Monday, October 02, 2006

Times article on Internet monitoring of new construction

An article in the Sunday New York Times points to the use of the internet as an important new tool is tracking new development and construction in older communities. Often communities close to major cities that are rapidly becoming suburbs may feel that they have little control over the types of developments springing up around them. I thought this community blog did an excellent job of at least documenting the changes in their town, and providing people with a space to comment on the teardown and redevelopment of existing homes (mostly ranch houses built in the mid-1940s). The article focuses on the town of Montclair, NJ but I know I have witnessed similar types of development projects in the older suburbs of Chicago, IL in distant emerging suburbs like Ludlow, MA and even in the rural college town of Athens, OH.
Here is a link to the blog: http://www.baristanet.com
You will find a link to the New York Times article under her October 1, 2006 entry.

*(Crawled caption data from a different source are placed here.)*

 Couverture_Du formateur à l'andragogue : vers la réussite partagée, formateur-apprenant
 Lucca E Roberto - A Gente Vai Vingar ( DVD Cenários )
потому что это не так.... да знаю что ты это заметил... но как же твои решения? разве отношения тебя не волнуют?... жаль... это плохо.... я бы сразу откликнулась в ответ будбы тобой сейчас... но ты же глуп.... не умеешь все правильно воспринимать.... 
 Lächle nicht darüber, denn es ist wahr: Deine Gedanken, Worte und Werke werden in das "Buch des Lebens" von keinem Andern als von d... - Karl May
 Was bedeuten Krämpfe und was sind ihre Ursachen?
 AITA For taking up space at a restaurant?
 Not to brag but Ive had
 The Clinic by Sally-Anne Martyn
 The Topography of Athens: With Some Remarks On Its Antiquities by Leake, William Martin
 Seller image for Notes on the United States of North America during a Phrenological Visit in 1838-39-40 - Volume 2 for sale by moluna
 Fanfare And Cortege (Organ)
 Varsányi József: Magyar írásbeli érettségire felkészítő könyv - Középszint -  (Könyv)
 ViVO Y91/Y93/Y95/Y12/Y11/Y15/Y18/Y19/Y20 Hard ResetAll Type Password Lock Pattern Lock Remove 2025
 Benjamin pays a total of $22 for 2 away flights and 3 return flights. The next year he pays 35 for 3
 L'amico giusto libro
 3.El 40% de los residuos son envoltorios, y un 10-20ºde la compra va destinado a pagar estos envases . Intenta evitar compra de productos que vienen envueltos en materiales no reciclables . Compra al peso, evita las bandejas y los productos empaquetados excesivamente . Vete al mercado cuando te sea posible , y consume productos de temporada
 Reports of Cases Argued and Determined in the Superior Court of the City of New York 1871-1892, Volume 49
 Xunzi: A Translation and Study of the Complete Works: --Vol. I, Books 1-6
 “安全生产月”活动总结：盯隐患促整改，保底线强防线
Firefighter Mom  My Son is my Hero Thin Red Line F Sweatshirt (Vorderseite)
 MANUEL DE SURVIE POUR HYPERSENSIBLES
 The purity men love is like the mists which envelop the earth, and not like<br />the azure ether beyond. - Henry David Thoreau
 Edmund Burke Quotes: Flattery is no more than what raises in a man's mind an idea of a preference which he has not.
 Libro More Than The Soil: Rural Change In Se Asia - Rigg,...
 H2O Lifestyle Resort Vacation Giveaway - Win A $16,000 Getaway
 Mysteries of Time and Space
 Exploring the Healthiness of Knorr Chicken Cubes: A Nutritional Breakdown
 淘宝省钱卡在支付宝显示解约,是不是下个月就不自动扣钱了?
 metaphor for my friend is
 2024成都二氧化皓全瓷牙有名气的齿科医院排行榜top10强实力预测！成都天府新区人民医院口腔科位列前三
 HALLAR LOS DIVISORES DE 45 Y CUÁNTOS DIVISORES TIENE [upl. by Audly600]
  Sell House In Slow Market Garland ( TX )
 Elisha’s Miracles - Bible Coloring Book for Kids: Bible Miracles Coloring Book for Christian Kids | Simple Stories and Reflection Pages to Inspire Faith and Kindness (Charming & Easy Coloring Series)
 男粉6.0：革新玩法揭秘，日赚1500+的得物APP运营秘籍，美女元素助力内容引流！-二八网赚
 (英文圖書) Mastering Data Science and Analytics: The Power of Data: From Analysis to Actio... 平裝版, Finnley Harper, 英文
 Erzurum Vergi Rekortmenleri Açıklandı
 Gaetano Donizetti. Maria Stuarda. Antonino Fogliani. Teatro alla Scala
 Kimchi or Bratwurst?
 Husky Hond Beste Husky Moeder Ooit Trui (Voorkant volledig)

Friday, September 15, 2006

the unflower flower




There is evidence of the woods perpetual decay and rebirth in many of the fungi and mushrooms that I compulsively photographed for their various forms and textures, but none were as strange as the "ghost flower." Otherwise called, Indian Pipe, I was reminded when I saw this plant (and heard its unfortunate name) that the woods of western massachusetts have already been through many transformations. The "ghost flower" or "ice flower" (scientific name is montropa uniflora meaning once-turned single flower ) is a small whiteish plant with translucent leaves and flowers. It appears and disappears randomly thoughout the woods in mid-summer. It never comes back in the same spot and actually lives off the fungi that live off dead trees. The "ice plant's" odd colorless color is due to its inability to produce chlorophyll. It is also very difficult to photograph because it grows only in the shadows and washes out with a flash which I discoverd (and others have noted)-so I have included both the drawing and the photograph. Since my earlier works used pearls and icebergs as physical reminders of the welcome presence of indeterminacy in everyday life, these "ice plants" may work their way into the project. At the moment, however, they seem to raise the question, why not think of the development of the land into housing as simply another transformation in an ongoing reworking of the landscape?